教区の歴史
松戸教会ミサ説教(年間第2主日)
2012年01月15日
2012年1月15日 松戸教会にて
第一朗読 サムエル上3・3b-10,19
第二朗読 一コリント6・13c-15a,17-20
福音朗読 ヨハネ1・35-42
年間第二主日の三つの聖書朗読に共通している主題は「召命」ということではないかと思います。神様の呼びかけを聞き、それに応える、ということがわたしたち信者の生き方の基本であります。
今日のヨハネの福音では、最初の弟子たち、ペトロ、アンデレ、ヨハネの召命が告げられています。
第一朗読はよく知られている、少年サムエルの美しい召命の話です。神は神殿で神にささげられた少年サムエルに呼びかけます。四度目の呼びかけに対してサムエルは祭司エリの言葉に従い、「どうぞお話ください。僕(しもべ)は聞いております」と答えました。
そしてサムエル記は続けて言います。「サムエルは成長していった。主は彼と共におられ、その言葉は一つたりとも地に落ちることはなかった。」(サムエル上3・19)
これはサムエルを通して告げられた預言の言葉はことごとく実現したと言う意味です。サムエルの召命は神の言葉を聞きそれを民に告げ知らせることでした。
また第二朗読でパウロは言います。
「みだらな行いを避けなさい。
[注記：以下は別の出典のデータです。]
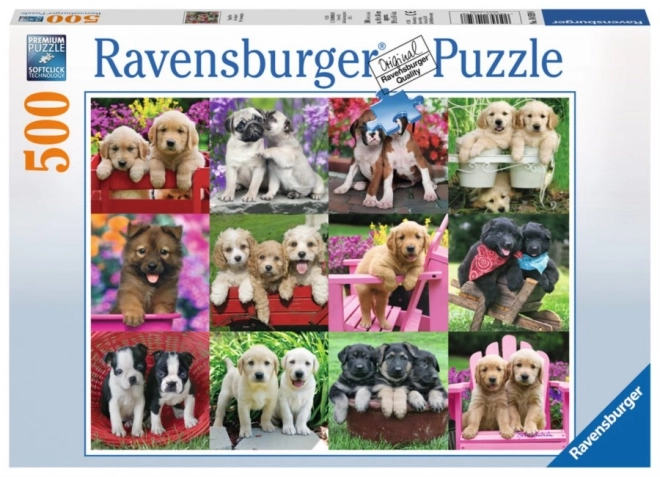 Puzzle Ravensburger Prieteni Câini 500 piese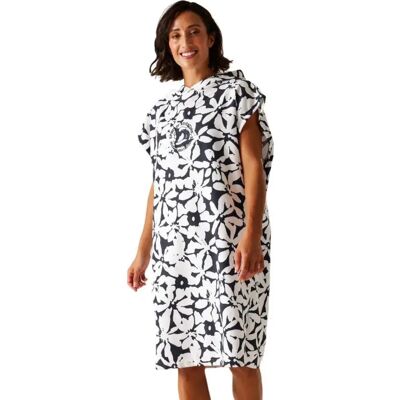 Regatta Rum006 Bathrobe Navy / White Floral L-XL unisex Regatta Rum006 Bathrobe Navy / White Floral L-XL unisex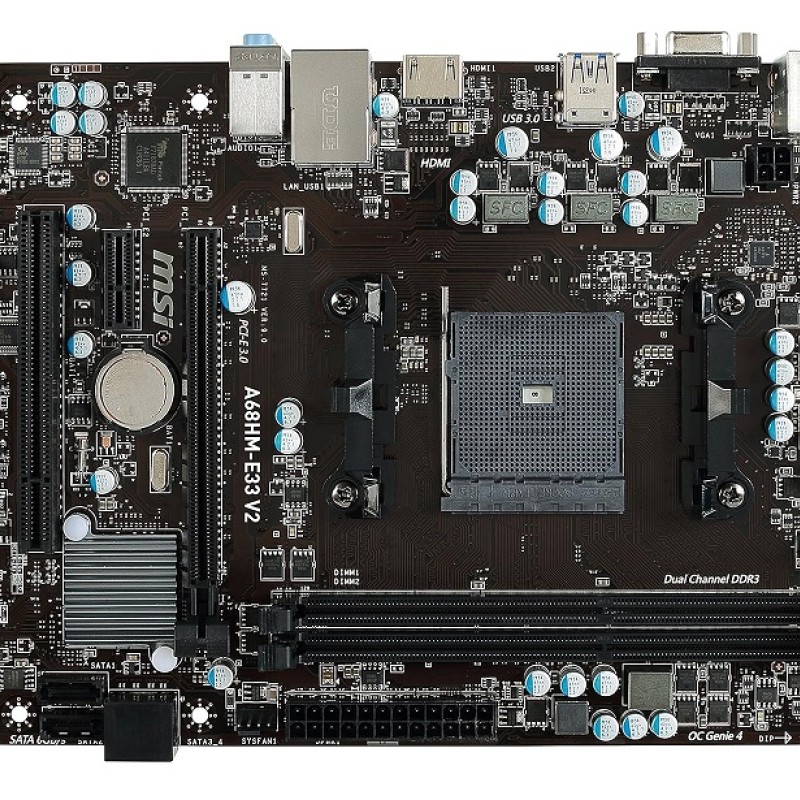 MSI A68HM-E33 V2 Supports FM2+ Socket for AMD® A-Series/Athlon™ Series Processor MSI A68HM-E33 V2 Supports FM2+ Socket for AMD® A-Series/Athlon™ Series Processor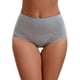 thumbnail image 1 of INSPIRE CHIC Bragas a prueba de fugas Regreso a clases para mujeres Algodón Cintura alta Cinturilla elástica Cobertura total Control de abdomen Ropa interior S Gris, 1 of 4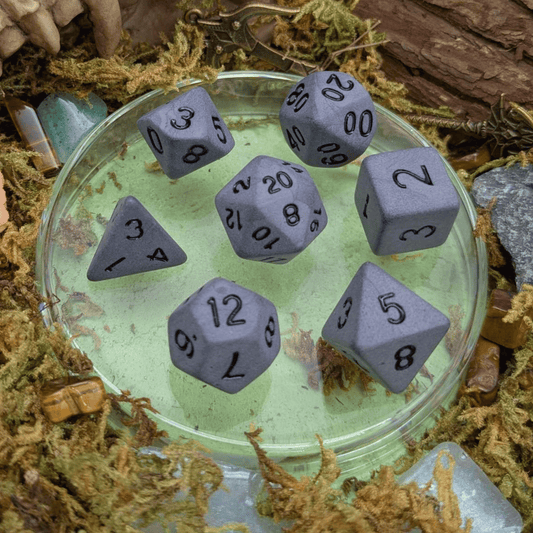 Tombstone Pastel Grey Dice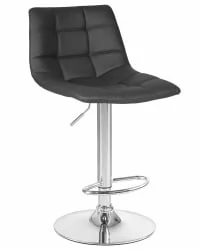 Стул барный ДОБРИН ТАИЛОР экокожа Серый / DOBRIN TAILOR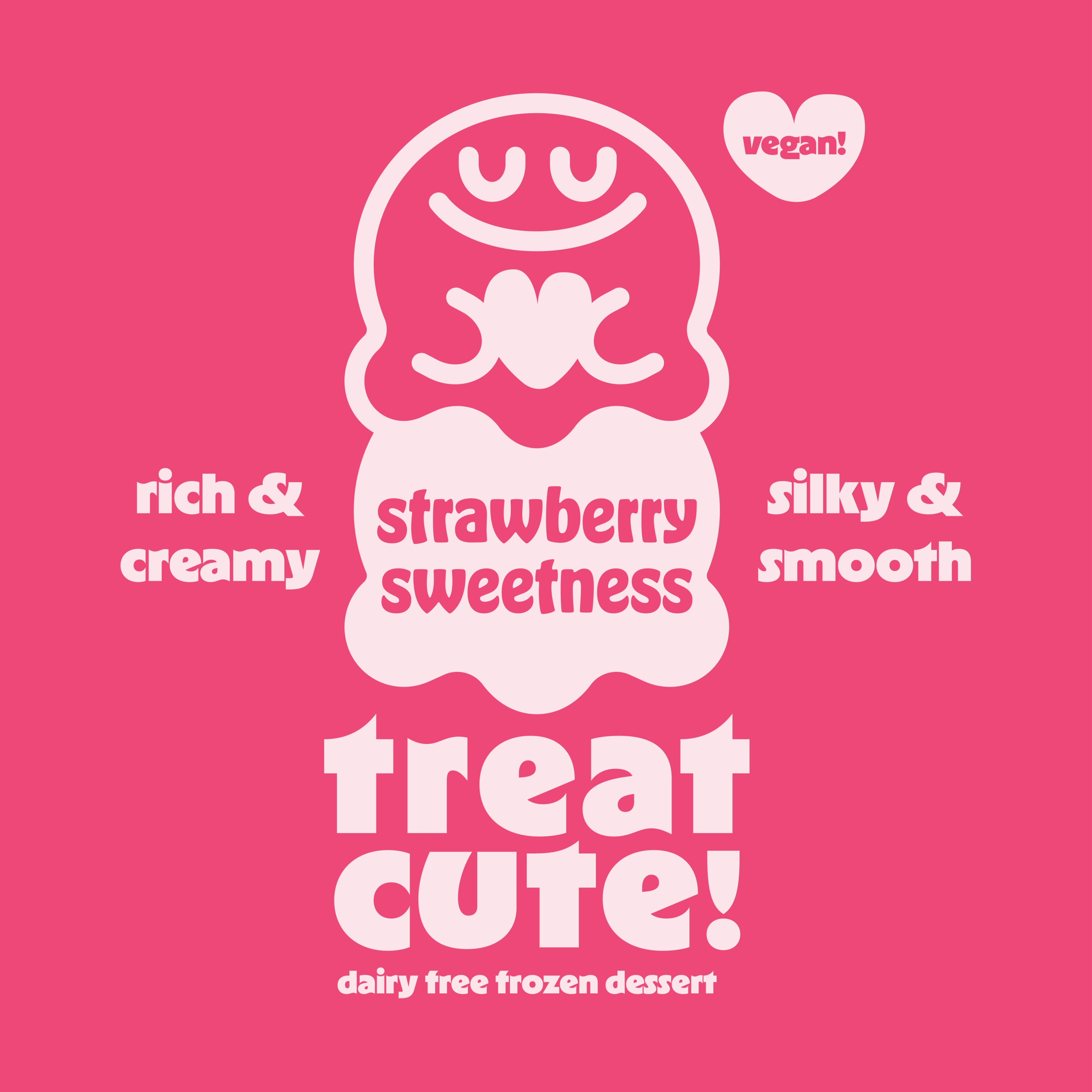 Treat Cute Strawberry Sweetness Vegan Ice Cream
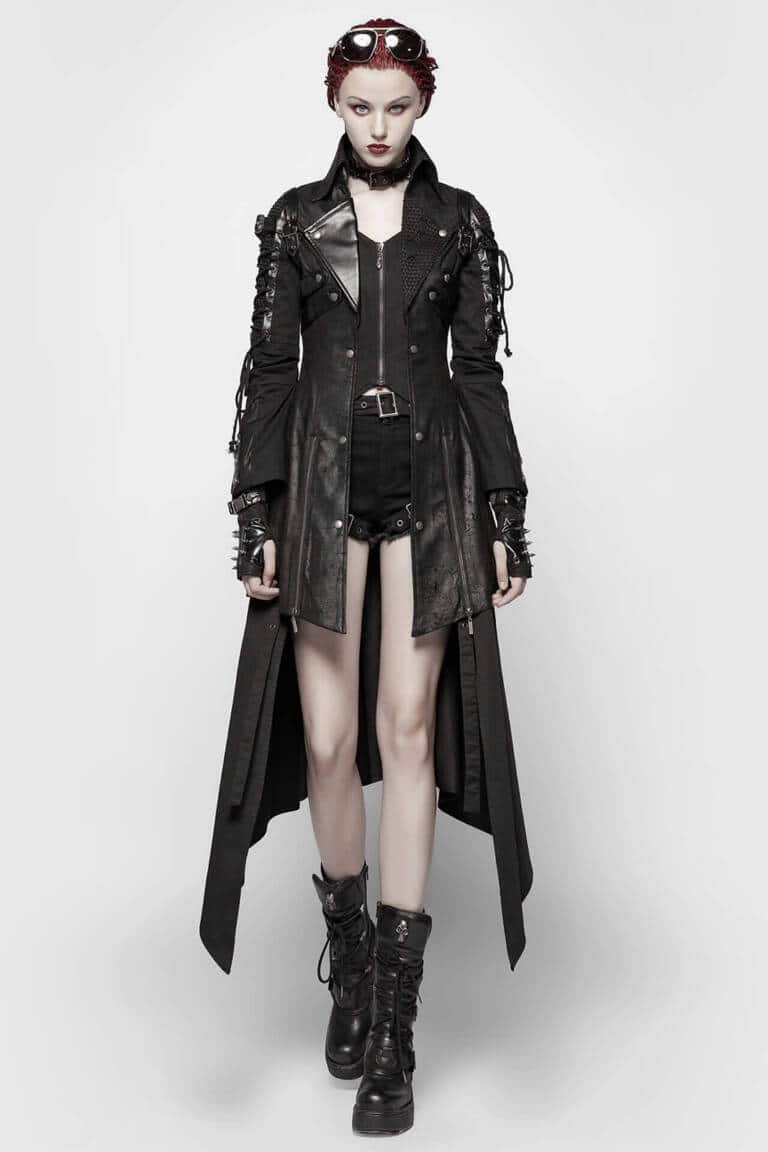Punk Rave Damenjacke Poisonblack – Bild 2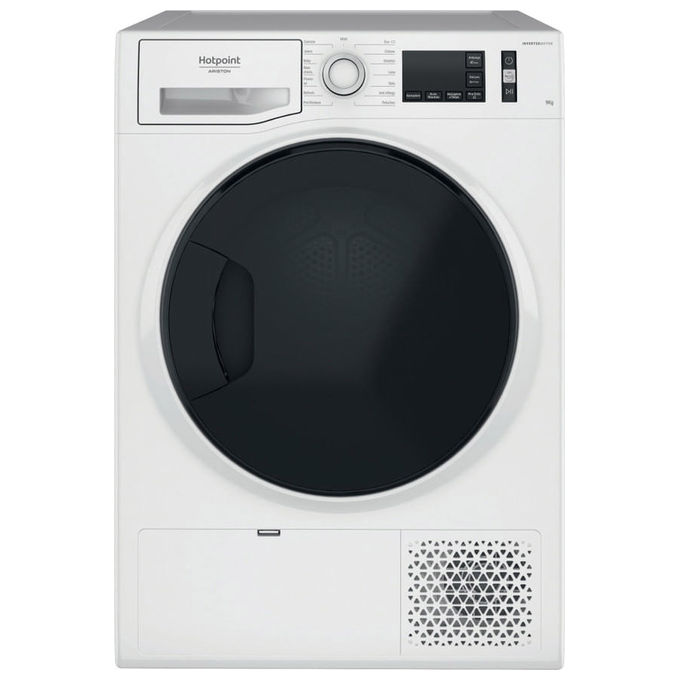 Hotpoint NT M11 9X3E IT Asciugatrice a Pompa di Calore Classe energetica A+++ Capacita' di carico 9 Kg Motore Inverter EasyCleaning ActiveCare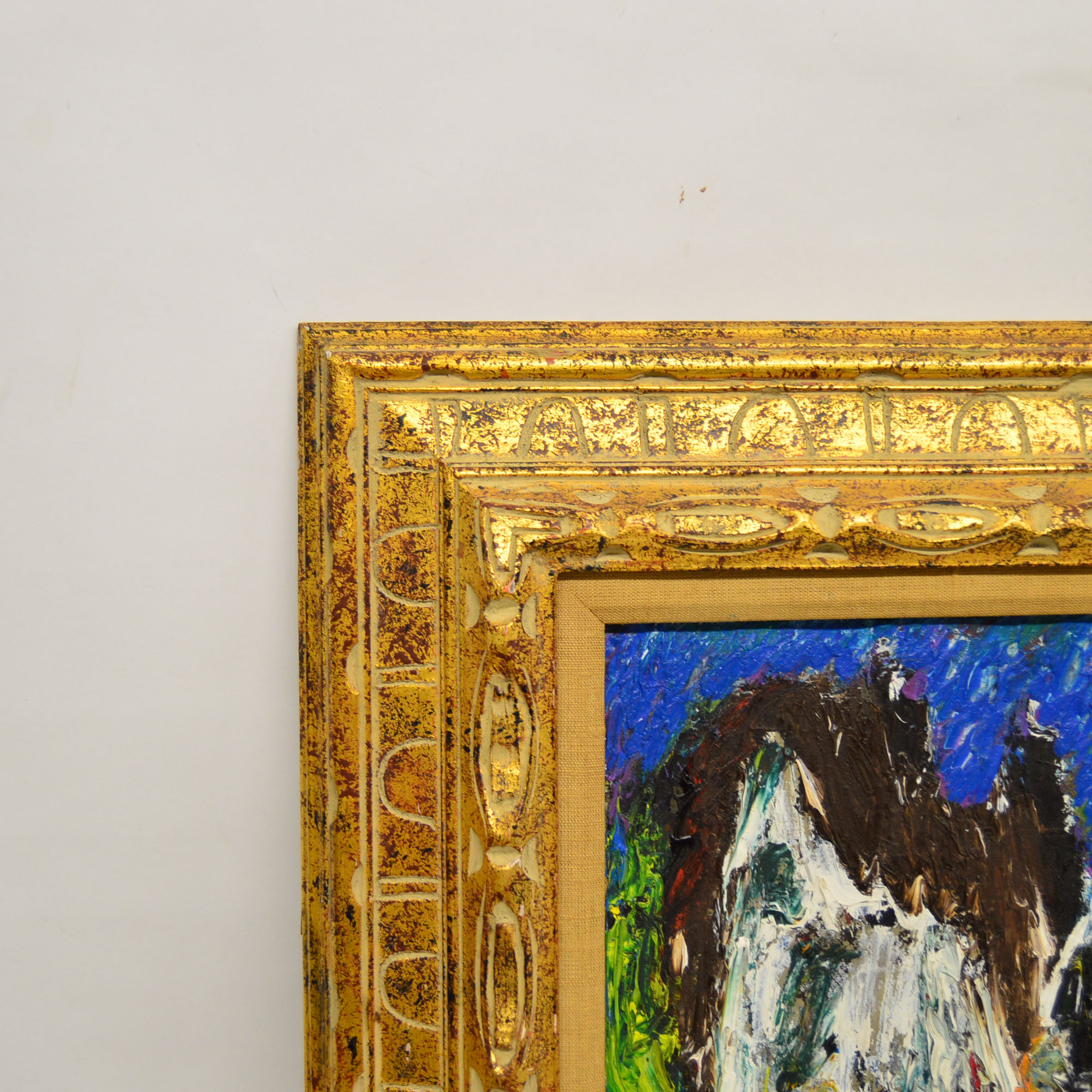 Framed Michel Kouliche Oil On Canvas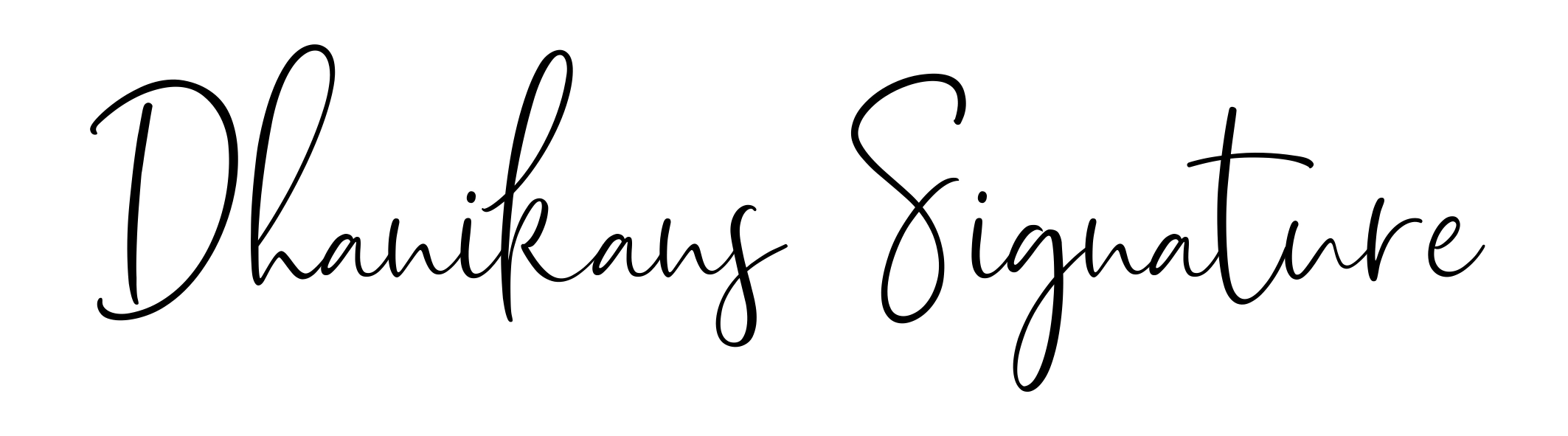 Dhanikans Signature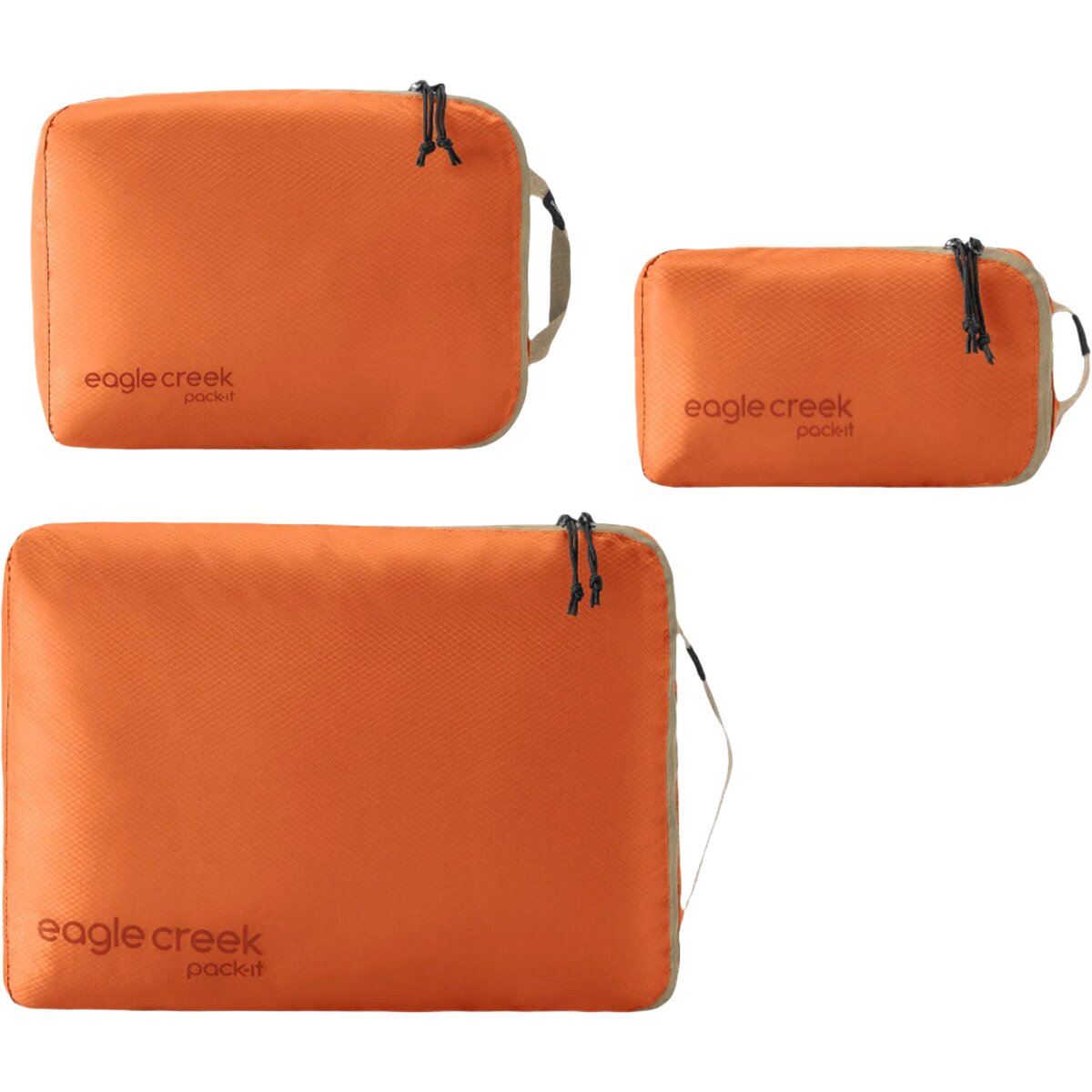 Image of Eagle Creek Pack-It Isolate Cube Set Citrus Orange, XS/S/M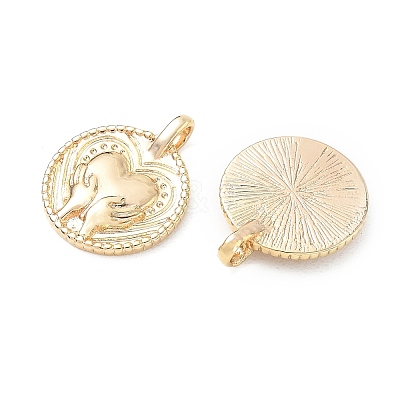 Brass Pendants KK-CBA3EDE-08G-1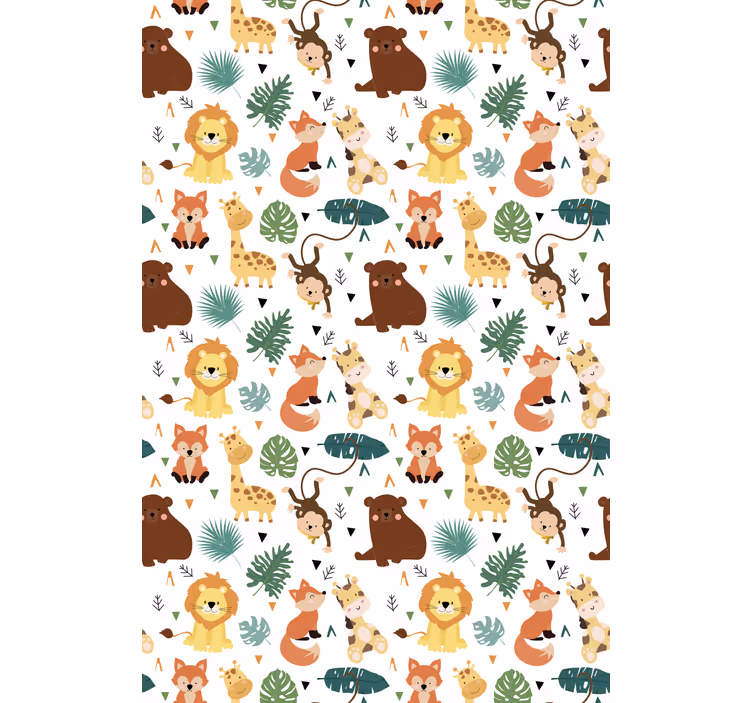 Cute Safari Creatures animal blind - TenStickers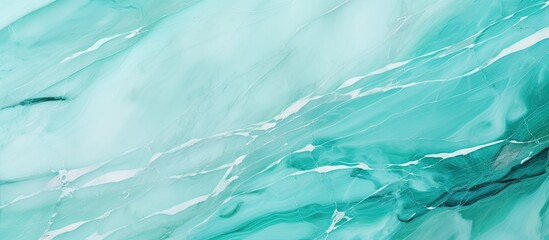 Poster - Trendy mint colored abstract marble surface with natural patterns ideal for backgrounds designs and copy space images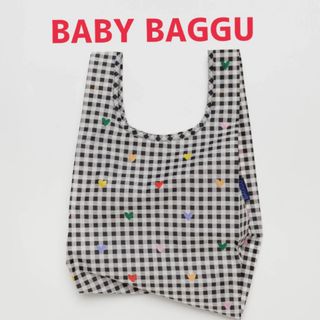 バグゥ(BAGGU)の【Gingham Hearts】Baggu エコバッグベビーギンガムハート(エコバッグ)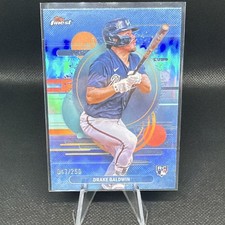Topps Finest Sky Blue Refractor Drake Baldwin #183 Braves Rookie /250 2025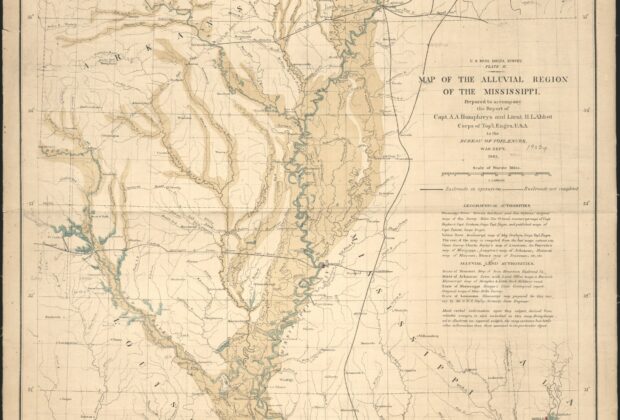 Map of the Mississippi River's alluvial region.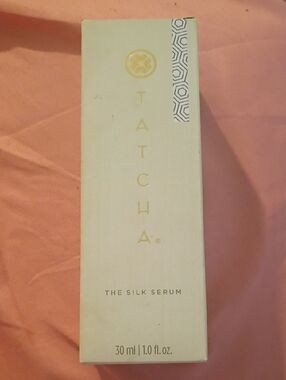 Tatcha Silk Serum Packaging - Ivory and Gold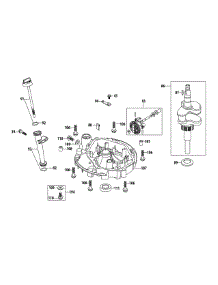 5P65mu Crankshaft & Crankcase Cover parts for Mtd Engine 5P65MU from AppliancePartsPros.com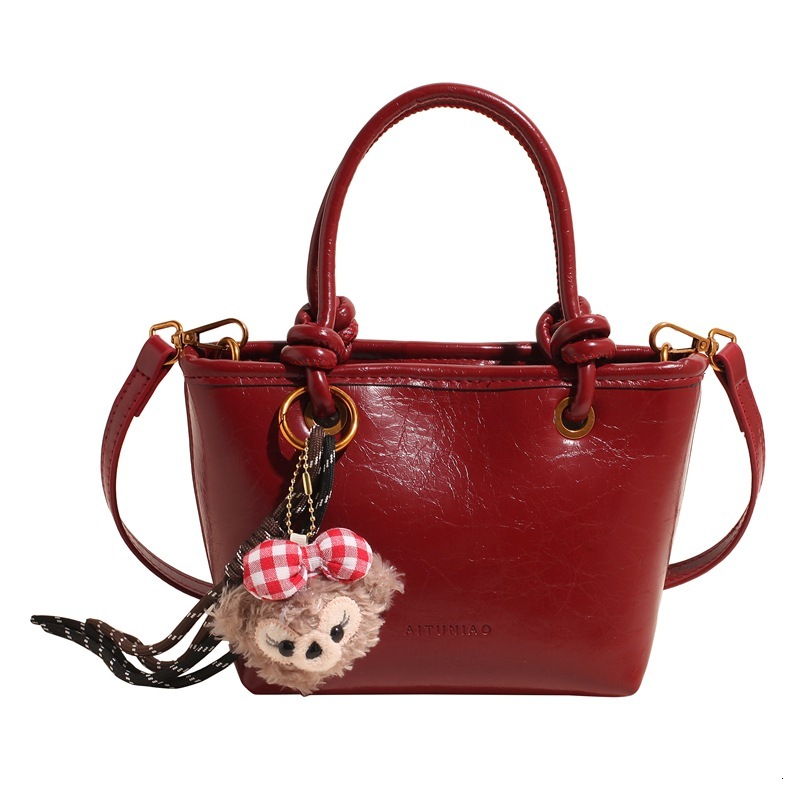 Free shipping designer bag New Autumn Winter Melad Bag for Women Versatile Handheld Shoulder Crossbody Bucket Bag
・・・あなたがたの体は、神からいただいた聖霊の宿ってくださる神殿であり、あなたがたはもはや自分自身のものではないのです。あなたがたは、代価を払って買い取られたのです。だから、自分の体で神の栄光を現しなさい。」(一コリント6・18-20)
パウロによれば、わたしたちの召命は「体で神の栄光を現す」ということです。では「体で神の栄光を現す」、どんなことでしょうか?この言葉の意味を深く黙想いたしましょう。
召命は個人の問題であるだけでなくわたしたち教会共同体の問題です。キリストの体であるわたしたち東京教区の召命は何であるのか、2012年の初めに当たり、ご一緒に考えてみましょう。
昨年2011年は東日本大震災の年であり、多くの人が苦しみを受け、わたしたち信者も自分たちの信仰が問われる思いがいたしました。
本年2012年は日本で宣教が再開されてからちょうど150年(日本再宣教150周年)です。また日本26聖人殉教者が列聖されて150年になります。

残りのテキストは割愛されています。